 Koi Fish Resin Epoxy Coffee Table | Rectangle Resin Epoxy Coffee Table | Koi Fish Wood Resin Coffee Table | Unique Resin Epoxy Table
◆ ◆ ◆
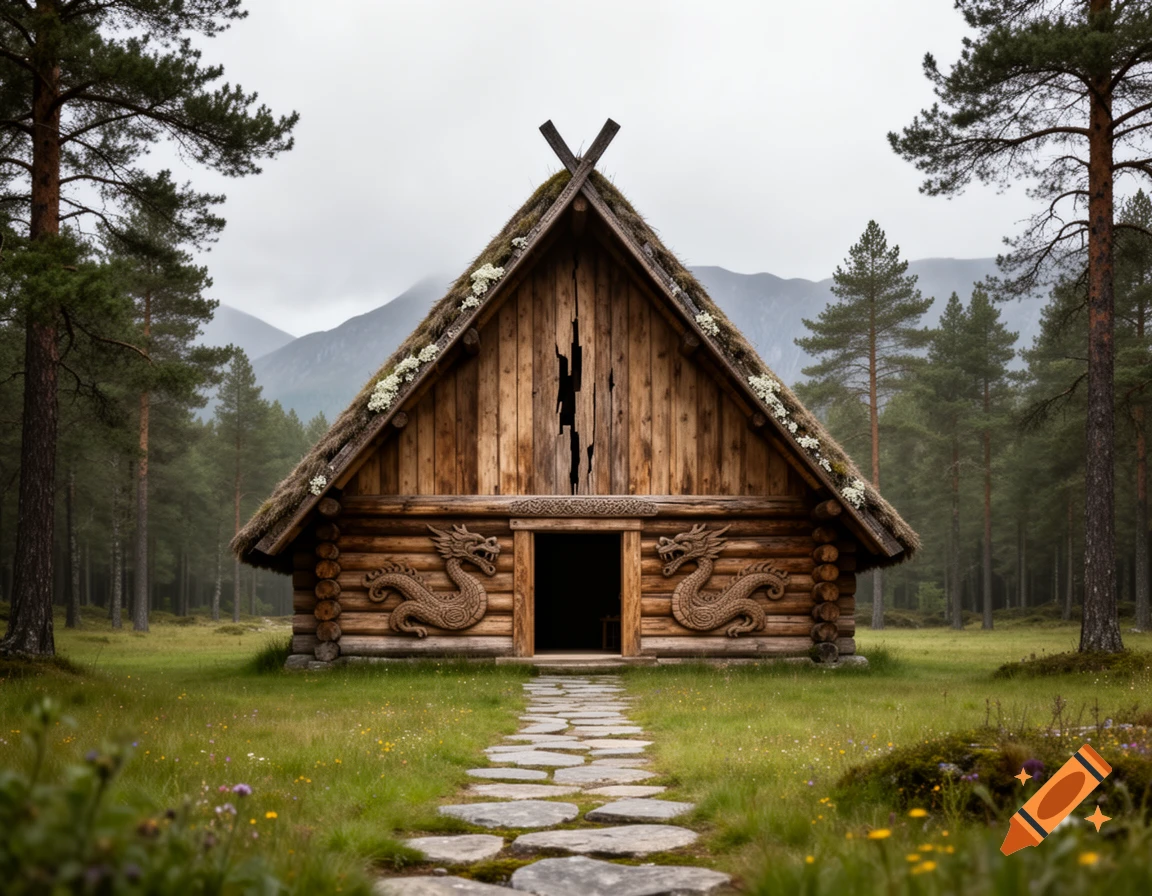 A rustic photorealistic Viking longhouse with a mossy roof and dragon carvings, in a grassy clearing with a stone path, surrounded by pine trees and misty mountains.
◆ ◆ ◆
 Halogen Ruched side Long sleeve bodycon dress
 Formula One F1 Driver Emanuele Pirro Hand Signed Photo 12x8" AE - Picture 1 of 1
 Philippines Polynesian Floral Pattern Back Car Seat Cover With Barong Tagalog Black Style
◆ ◆ ◆
**What you should do**
Once the line with "Formula One F1" is found in the records above, print exactly that line and every line after it through the line with "Philippines Polynesian Floral".

**Solution to this problem**
 Formula One F1 Driver Emanuele Pirro Hand Signed Photo 12x8" AE - Picture 1 of 1
 Philippines Polynesian Floral Pattern Back Car Seat Cover With Barong Tagalog Black Style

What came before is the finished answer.